各事業者・団体の取組好事例

小売業

就業者数
200人~299人
主な取組内容
  • マニュアルの作成と周知
  • 「15分ルール」の導入

【経緯】就業者を苦しめるカスハラ

以前から「1時間以上にわたる長時間の拘束」、「土下座の要求」、「執拗なクレームの繰り返し」などのカスハラが発生していました。こうした行為を受けた就業者は身体的・精神的に悪影響を受けており、精神的な苦痛から担当変更を余儀なくされたケースもありました。
しかし、当時は、「カスハラ」という言葉も一般的ではなく、これらの行為がハラスメントに該当すると認識していませんでした。そのため、全て「クレーム」とみなし、就業者に対応するよう求めており、就業者の負担が非常に大きくなっていました
そのような中、国がカスハラの方針を掲げたことで、カスハラの存在を認識するようになり、カスハラ対応について検討することとなりました。

【対応】カスハラから身を守るための「鎧」をまとう

カスハラについて社内で検討の結果、就業者がカスハラ行為をうけても、落ち着いて対応できるようなルール作りが重要という結論になり、カスハラから身を守るための「鎧」となるようなルールを作るための取組を実施することとしました

1.マニュアルの作成と周知

まず、カスハラ対策の担当者が外部で研修を受け、自社の独自マニュアルを作成しました。このマニュアルは、要点を絞って記載することで、就業者が簡潔に内容を理解できるように工夫しました
また、作成しただけでは十分な効果を発揮しないので、店舗のバックヤードに掲示し、いつでも就業者が確認できるようにしました

2.「15分ルール」の導入

電話対応において、長時間の対応を避けるため、「長くても15分以上」と明確に時間を区切り、それ以上の時間同じ内容の不満を繰り返す電話については、上司に代わるか、電話を切るというルールを設けました。これにより、就業者が迷いなく、対応の引継ぎ・中止に移ることができるようになり、長時間にわたり精神的な負担を受けることが防げるようになりました。

3.店舗での連携体制の強化

パートやアルバイトを含めたすべての就業者がカスハラに直面した場合、一人で抱え込まず、すぐに店長や副店長に助けを求めるよう徹底しております。
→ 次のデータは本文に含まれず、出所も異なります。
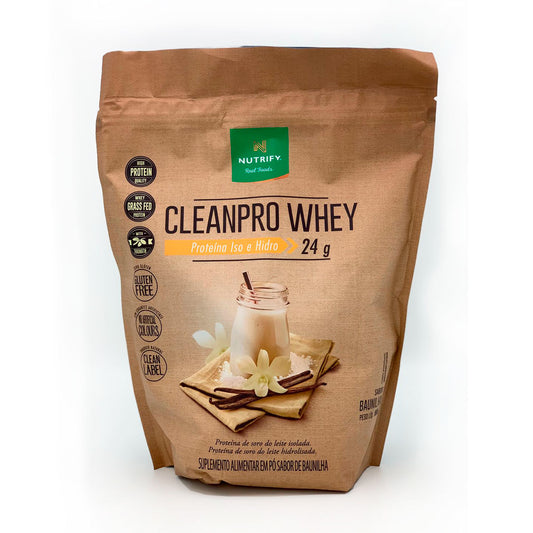 CleanPro Whey Protein Isolado e Hidrolisado Nutrify 900g  - Baunilha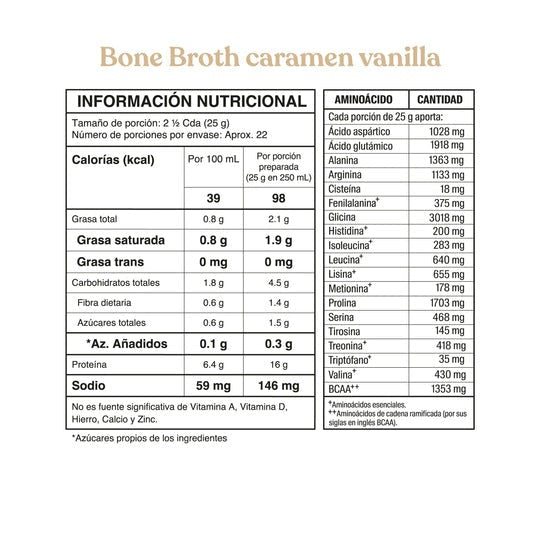 Bone broth power protein caramel vainilla savvy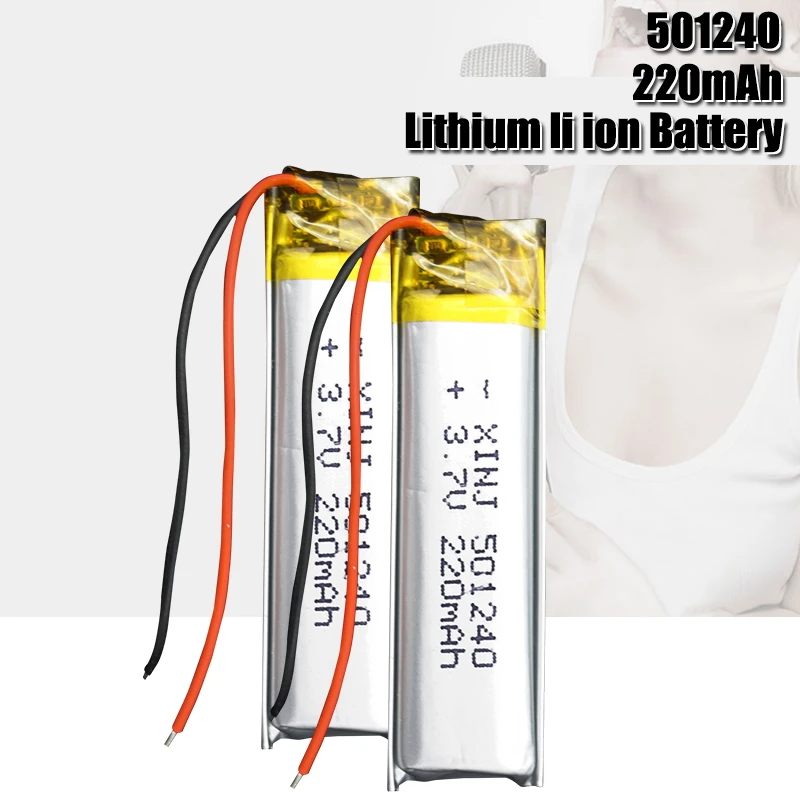 3.7V 220mAh 501240 051240 Li-Polymer Rechargeable Battery for MP3 MP4 GPS Bluetooth Earphone Electronic scale toys Lithium Cells |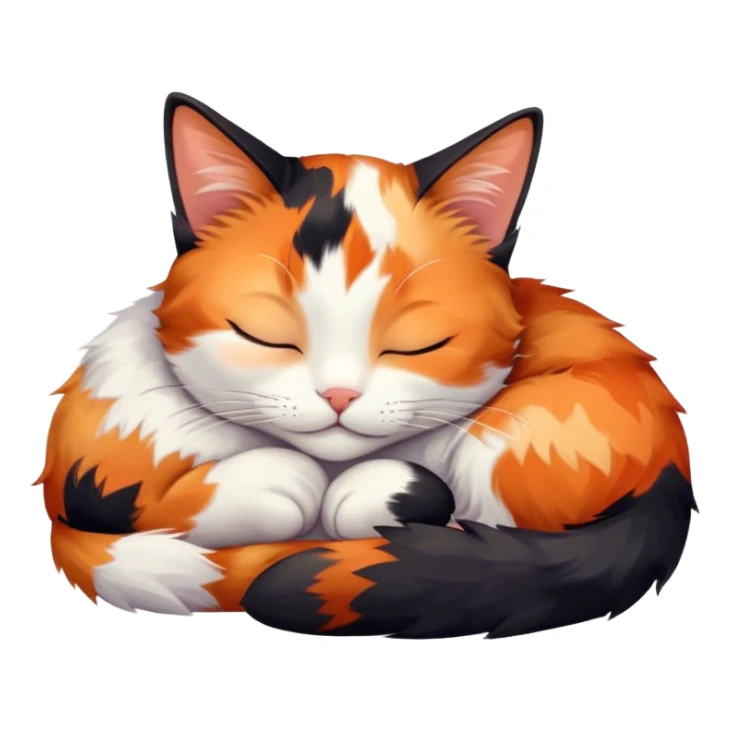 Meme-Worthy Cute Sleeping Calico Cat Portrait Emoji, Head resting peacefully with a content, gentle smile and softly closed eyes, featuring a delicate patchwork fur in vibrant orange, black, and white hues, simplified yet irresistibly endearing, highly detailed, glowing with a soft, drowsy radiance, high shine, exuding relaxed and utterly lovable charm, styled with a gentle, soft glowing outline, capturing the essence of a sleeping calico cat that appears destined to become a viral icon of adorable rest! sticker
これにより、就業者が安心して適切な初動対応を行うことができるとともに、事態の悪化を防ぎます。

4.顧客等からの問い合わせ方法の多様化

顧客等からの問い合わせ窓口として、従来の店舗もしくは電話での対応に加え、ホームページに問い合わせ窓口を設け、対面や電話だけでなくメールでの意見やクレームも受け付けるようにしました。メールによる意見やクレームは、顧客等が気持ちを文字にする間に冷静になり、突発的な感情の高ぶりが抑えられるため、カスハラになりづらい利点がありました。
また、就業者も落ち着いて対応することが可能になり、適切な回答を返すことができるようになりました。
就業者向けの相談窓口も、従来の窓口に加え、セクハラなど相談しにくい内容のための女性専用の窓口も設けました。女性の担当者が対応しており、女性が多い職場でもありますので、安心して相談してもらえていると考えています。

5.「顧客等は神様」からの脱却

会社としてカスハラに対する方針を定め、ハラスメント行為と判断した場合は、対応を中止させていただくことを明記しました。これにより、「顧客等は神様」という考え方から脱却し、「顧客等は顧客等」という認識を就業者と共有することができました
この認識の変化により、カスハラ行為に対しては毅然とした態度で臨み、必要であれば出入り禁止などの厳格な措置を取りやすくなりました。

【効果】カスハラ防止に関して大きな改善

就業者は「会社が自分たちを守ってくれる」という安心感を持つことができ、「明確な対応手順がある」「こういう時は断っていい」と自信を持って業務に臨めるようになりました
また、会社のカスハラ対策への姿勢を広く示すことは、顧客側の意識変革にもつながり、カスハラの抑止力として機能していると感じています。